Au niveau des établissements, il y a un vrai souci de repérage et de suivi des prisonniers fragiles, et les moyens pour y faire face sont dérisoires. Surveillants, soignants, éducateurs, assistantes sociales sont tous débordés. Ici ou là, cependant, on note quelques progrès. Pour tenter de parer au choc de l'incarcération, des « réunions entrants », rassemblant tous les intervenants, existent dans nombre d'établissements. La formation des personnels pénitentiaires et des soignants au repérage des détenus fragiles s'améliore elle aussi. Mais on est loin du compte. D'autant que les surveillants ne sont pas assez nombreux. Tout comme le personnel soignant, médecins, infirmières...

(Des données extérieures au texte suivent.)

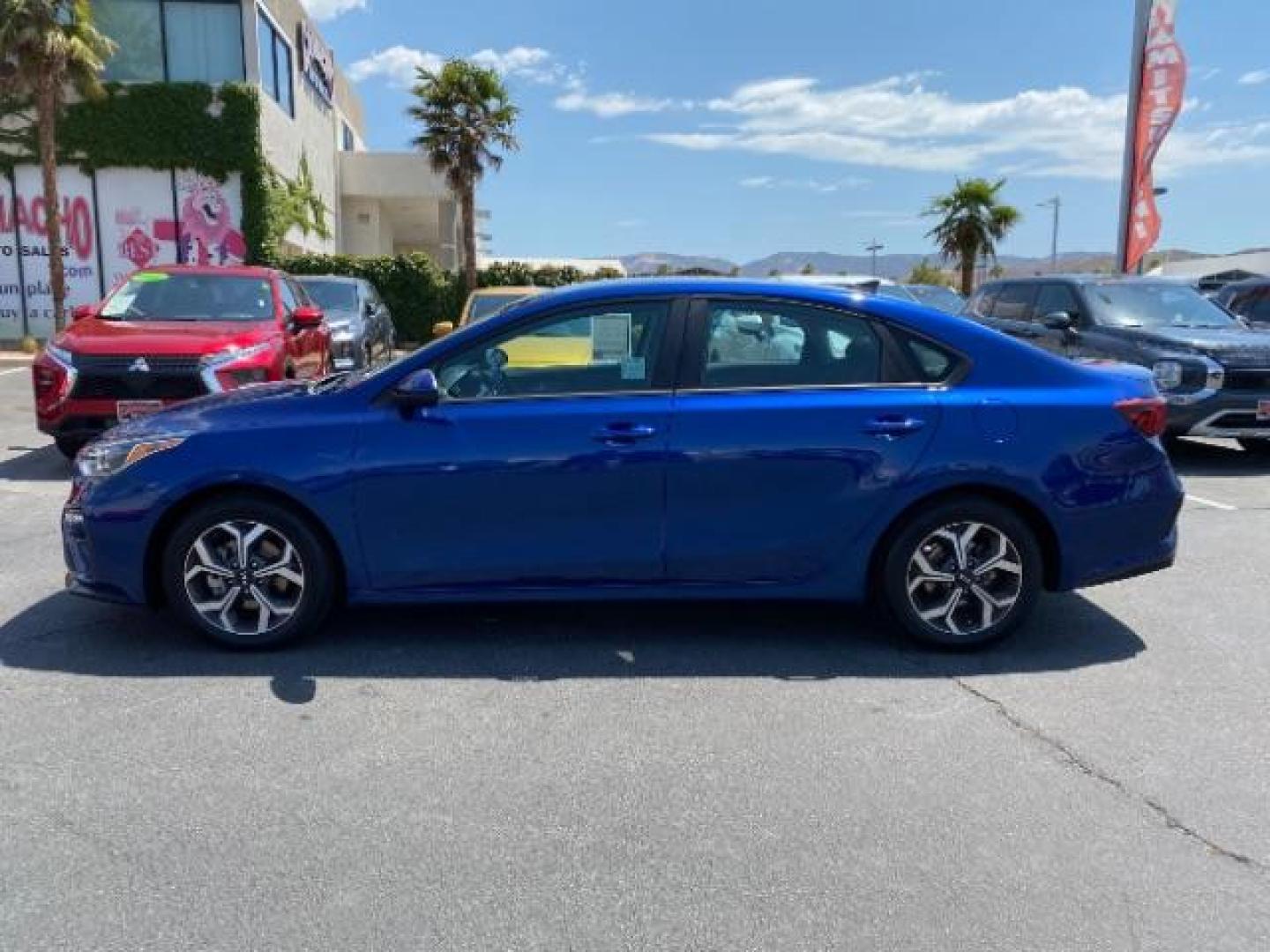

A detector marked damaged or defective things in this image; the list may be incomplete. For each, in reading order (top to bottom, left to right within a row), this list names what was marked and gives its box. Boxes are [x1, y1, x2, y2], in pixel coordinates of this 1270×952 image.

cracked pavement [0, 368, 1265, 949]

Dans ces conditions, quelle place pour le soin en prison ? Et quel rôle pour les infirmiers ?

Il y a un manque cruel de soignants en prison. Schématiquement, les soins, aujourd'hui indépendants du ministère de la Justice, y sont dispensés par deux structures : les SMPR (service médico- psychologique régional) assurent les soins psychiatriques, et les UCSA (unité de consultations et de soins ambulatoires) prennent en charge les soins généraux.

Il existe 189 UCSA, une par établissement, et 26 SMPR, situés dans les prisons les plus grandes, la couverture psychiatrique étant, ailleurs, assurée par les hôpitaux de rattachement. Selon les prisons, et selon les moyens des hôpitaux de rattachement, les possibilités de soins apparaissent donc comme très variables.

Dans ce contexte, le rôle des infirmières est crucial, en matière de soins généraux comme dans le repérage et le suivi des détenus fragiles. Cela implique, naturellement, une certaine maturité professionnelle. Mais le métier est riche : distribution de médicaments ; animation d'ateliers thérapeutiques, de groupes de parole... Les infirmières exercent, en prison, leur rôle soignant dans toutes ses dimensions, préventive, curative, éducative, relationnelle.

Luc Massardier Psychiatre à la prison de la Santé à Paris.

Luc Massardier intervient dans le milieu carcéral depuis 1994. Après avoir été responsable du SMPR de Nice, il travaille depuis 2001 à la prison de la Santé à Paris. Il a été vice-président de l'ASPMP, l'Association des secteurs de psychiatrie en milieu pénitentiaire, et s'est intéressé, notamment, au suivi des pères incestueux. Il a publié Questions d'inceste, en collaboration avec Patrick Ayoun et Ginette Raimbault (éd. Odile Jacob, 2005).